== EXTRACTED MATERIAL

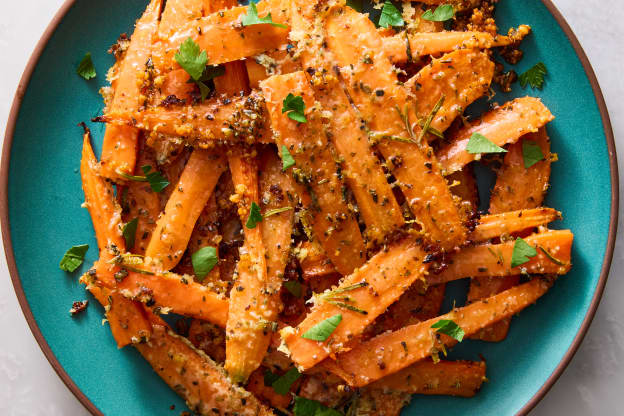 Parmesan Crusted Carrots Are So Good That Your Friends Will Demand the Recipe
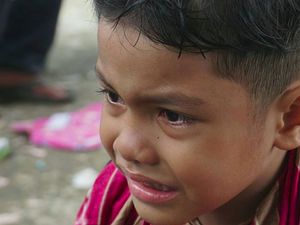 Momen-Momen Saat si Kecil Disunat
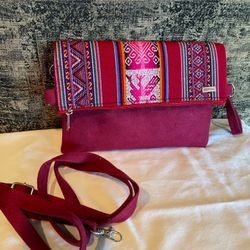 Handcrafted Peruvian Leather and Wool Colorful Patterned Hand Bag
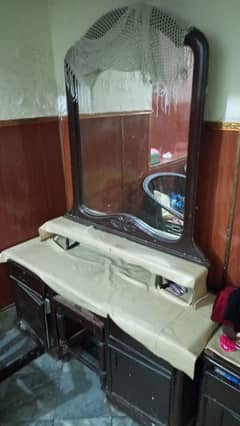 good condition dressing table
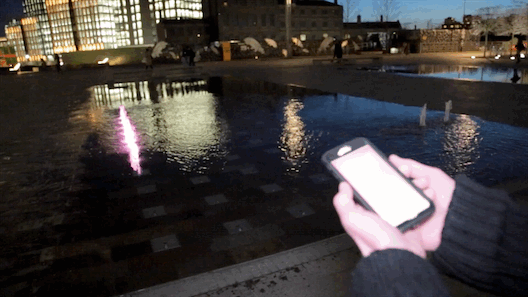 手机应用占领公共场所：操作伦敦喷泉玩《贪吃蛇》
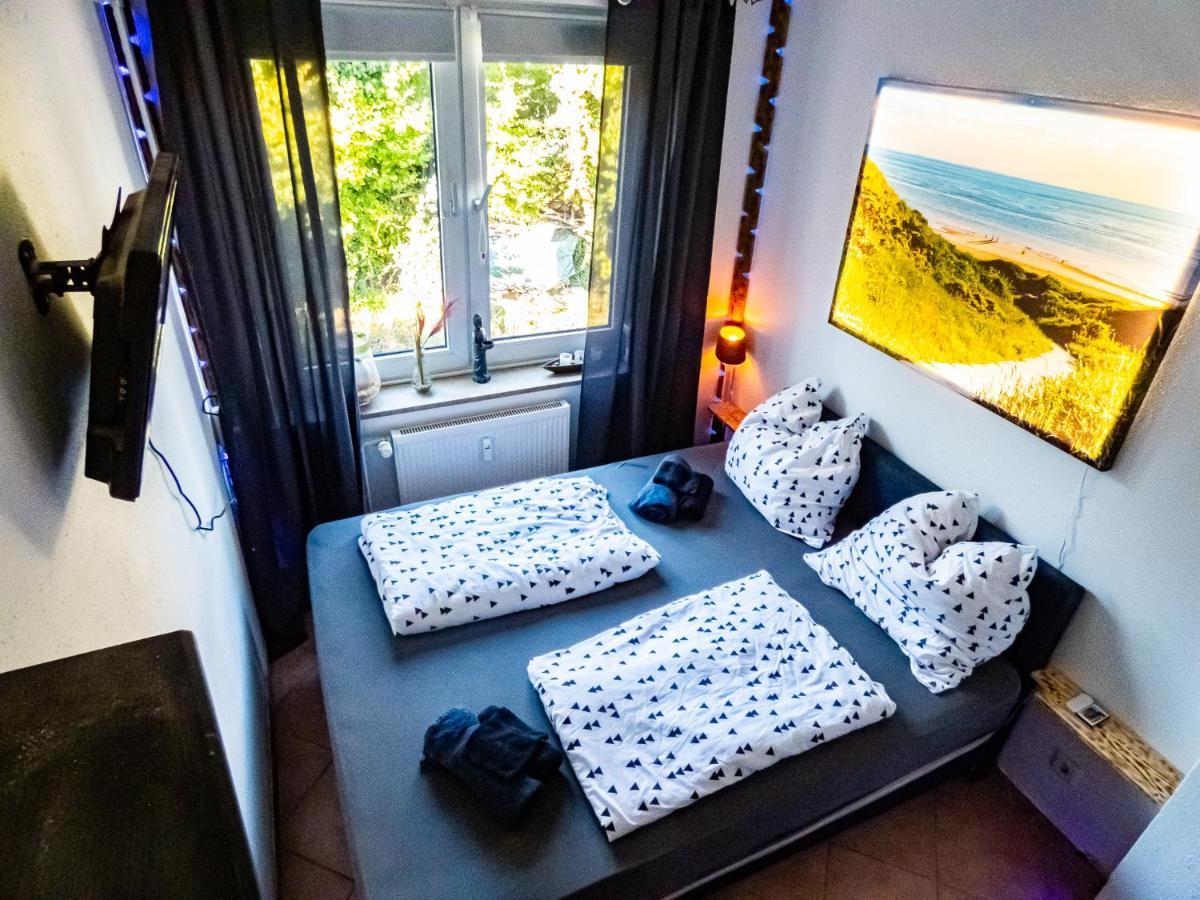 #121 Grosse, Gemuetliche Wohnung In Remscheid-City Esterno foto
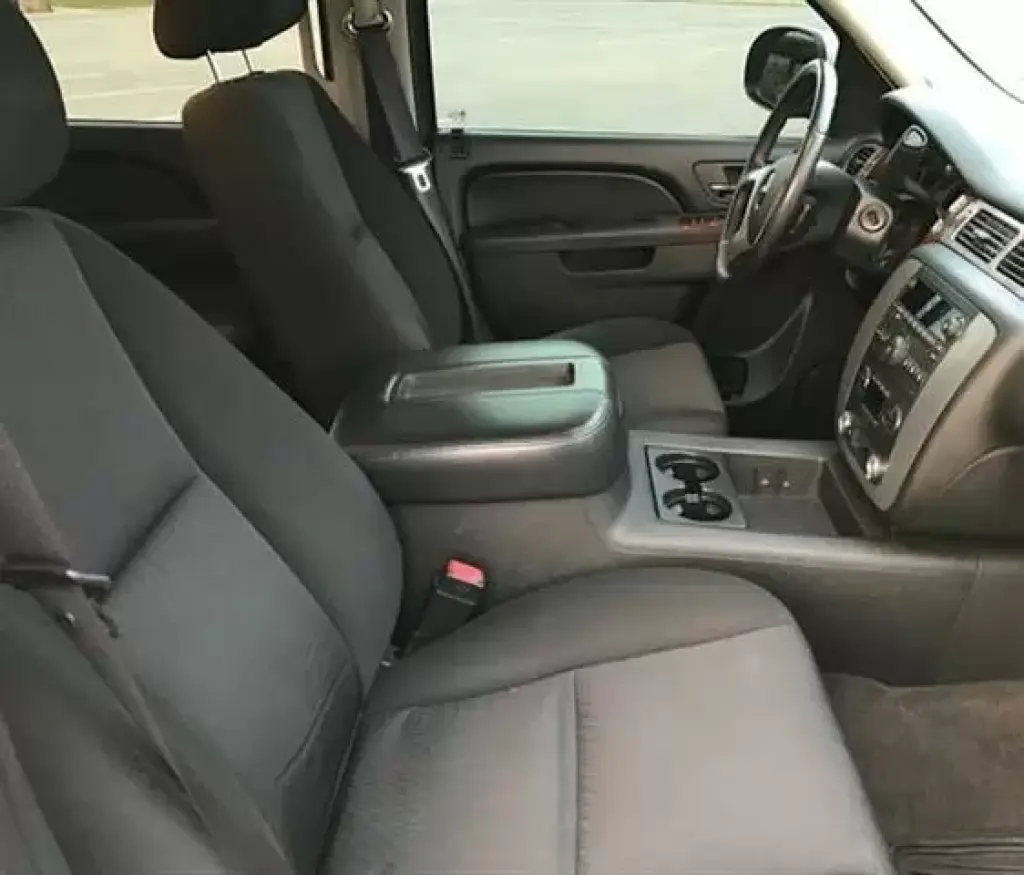 2011 GMC YUKON SLE SUV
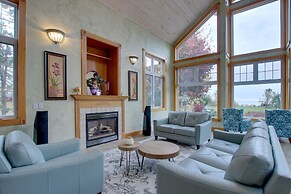 Lakefront Algoma Home w/ Deck, Grill & Fireplace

====

Copy the entries above exactly from the line with "2011 GMC YUKON SLE SUV" down to their last line, both ends included. Do not copy any pictures.

 2011 GMC YUKON SLE SUV
 Lakefront Algoma Home w/ Deck, Grill & Fireplace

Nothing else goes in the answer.